> [Aim of the task]: Beneath this sentence is a set of records; write each of them out exactly.

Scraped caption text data
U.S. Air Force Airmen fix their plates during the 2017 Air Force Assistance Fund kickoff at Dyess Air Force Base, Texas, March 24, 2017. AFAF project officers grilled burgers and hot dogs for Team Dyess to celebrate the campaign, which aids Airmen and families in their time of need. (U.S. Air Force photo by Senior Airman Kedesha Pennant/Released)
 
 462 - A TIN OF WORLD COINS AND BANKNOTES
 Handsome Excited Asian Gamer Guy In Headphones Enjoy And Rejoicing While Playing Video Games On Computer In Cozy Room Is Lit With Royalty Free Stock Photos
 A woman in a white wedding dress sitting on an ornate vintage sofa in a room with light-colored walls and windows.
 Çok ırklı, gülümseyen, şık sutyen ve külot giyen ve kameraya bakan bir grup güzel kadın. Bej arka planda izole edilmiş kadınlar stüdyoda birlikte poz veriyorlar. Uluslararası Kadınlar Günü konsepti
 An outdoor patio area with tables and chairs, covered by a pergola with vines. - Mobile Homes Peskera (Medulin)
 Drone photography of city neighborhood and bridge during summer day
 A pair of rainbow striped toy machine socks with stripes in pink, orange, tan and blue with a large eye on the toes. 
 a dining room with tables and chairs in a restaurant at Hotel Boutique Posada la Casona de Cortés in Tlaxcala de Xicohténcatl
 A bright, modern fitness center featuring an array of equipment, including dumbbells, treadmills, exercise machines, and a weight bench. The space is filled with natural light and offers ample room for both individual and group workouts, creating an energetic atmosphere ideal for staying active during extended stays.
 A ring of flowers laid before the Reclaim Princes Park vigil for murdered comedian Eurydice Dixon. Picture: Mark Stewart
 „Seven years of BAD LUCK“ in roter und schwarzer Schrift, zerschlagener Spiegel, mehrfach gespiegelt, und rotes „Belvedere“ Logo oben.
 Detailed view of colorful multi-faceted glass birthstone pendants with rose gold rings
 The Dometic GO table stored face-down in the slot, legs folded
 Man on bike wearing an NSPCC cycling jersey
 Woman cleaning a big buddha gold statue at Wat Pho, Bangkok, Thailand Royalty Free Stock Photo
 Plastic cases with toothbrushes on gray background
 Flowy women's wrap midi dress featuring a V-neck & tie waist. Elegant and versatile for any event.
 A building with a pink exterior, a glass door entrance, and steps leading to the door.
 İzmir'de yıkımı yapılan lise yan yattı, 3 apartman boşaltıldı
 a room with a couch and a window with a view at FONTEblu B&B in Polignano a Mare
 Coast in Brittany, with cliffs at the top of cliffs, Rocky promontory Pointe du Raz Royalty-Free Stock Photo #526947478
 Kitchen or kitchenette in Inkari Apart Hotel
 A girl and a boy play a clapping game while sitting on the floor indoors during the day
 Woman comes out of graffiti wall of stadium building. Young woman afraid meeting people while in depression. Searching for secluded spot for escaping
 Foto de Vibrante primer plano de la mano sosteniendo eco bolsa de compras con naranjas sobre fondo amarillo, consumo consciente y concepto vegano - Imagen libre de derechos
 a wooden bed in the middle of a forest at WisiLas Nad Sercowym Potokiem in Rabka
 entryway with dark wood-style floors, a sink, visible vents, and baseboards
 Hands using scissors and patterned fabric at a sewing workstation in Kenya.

> [Reply]:
U.S. Air Force Airmen fix their plates during the 2017 Air Force Assistance Fund kickoff at Dyess Air Force Base, Texas, March 24, 2017. AFAF project officers grilled burgers and hot dogs for Team Dyess to celebrate the campaign, which aids Airmen and families in their time of need. (U.S. Air Force photo by Senior Airman Kedesha Pennant/Released)
 
 462 - A TIN OF WORLD COINS AND BANKNOTES
 Handsome Excited Asian Gamer Guy In Headphones Enjoy And Rejoicing While Playing Video Games On Computer In Cozy Room Is Lit With Royalty Free Stock Photos
 A woman in a white wedding dress sitting on an ornate vintage sofa in a room with light-colored walls and windows.
 Çok ırklı, gülümseyen, şık sutyen ve külot giyen ve kameraya bakan bir grup güzel kadın. Bej arka planda izole edilmiş kadınlar stüdyoda birlikte poz veriyorlar. Uluslararası Kadınlar Günü konsepti
 An outdoor patio area with tables and chairs, covered by a pergola with vines. - Mobile Homes Peskera (Medulin)
 Drone photography of city neighborhood and bridge during summer day
 A pair of rainbow striped toy machine socks with stripes in pink, orange, tan and blue with a large eye on the toes. 
 a dining room with tables and chairs in a restaurant at Hotel Boutique Posada la Casona de Cortés in Tlaxcala de Xicohténcatl
 A bright, modern fitness center featuring an array of equipment, including dumbbells, treadmills, exercise machines, and a weight bench. The space is filled with natural light and offers ample room for both individual and group workouts, creating an energetic atmosphere ideal for staying active during extended stays.
 A ring of flowers laid before the Reclaim Princes Park vigil for murdered comedian Eurydice Dixon. Picture: Mark Stewart
 „Seven years of BAD LUCK“ in roter und schwarzer Schrift, zerschlagener Spiegel, mehrfach gespiegelt, und rotes „Belvedere“ Logo oben.
 Detailed view of colorful multi-faceted glass birthstone pendants with rose gold rings
 The Dometic GO table stored face-down in the slot, legs folded
 Man on bike wearing an NSPCC cycling jersey
 Woman cleaning a big buddha gold statue at Wat Pho, Bangkok, Thailand Royalty Free Stock Photo
 Plastic cases with toothbrushes on gray background
 Flowy women's wrap midi dress featuring a V-neck & tie waist. Elegant and versatile for any event.
 A building with a pink exterior, a glass door entrance, and steps leading to the door.
 İzmir'de yıkımı yapılan lise yan yattı, 3 apartman boşaltıldı
 a room with a couch and a window with a view at FONTEblu B&B in Polignano a Mare
 Coast in Brittany, with cliffs at the top of cliffs, Rocky promontory Pointe du Raz Royalty-Free Stock Photo #526947478
 Kitchen or kitchenette in Inkari Apart Hotel
 A girl and a boy play a clapping game while sitting on the floor indoors during the day
 Woman comes out of graffiti wall of stadium building. Young woman afraid meeting people while in depression. Searching for secluded spot for escaping
 Foto de Vibrante primer plano de la mano sosteniendo eco bolsa de compras con naranjas sobre fondo amarillo, consumo consciente y concepto vegano - Imagen libre de derechos
 a wooden bed in the middle of a forest at WisiLas Nad Sercowym Potokiem in Rabka
 entryway with dark wood-style floors, a sink, visible vents, and baseboards
 Hands using scissors and patterned fabric at a sewing workstation in Kenya.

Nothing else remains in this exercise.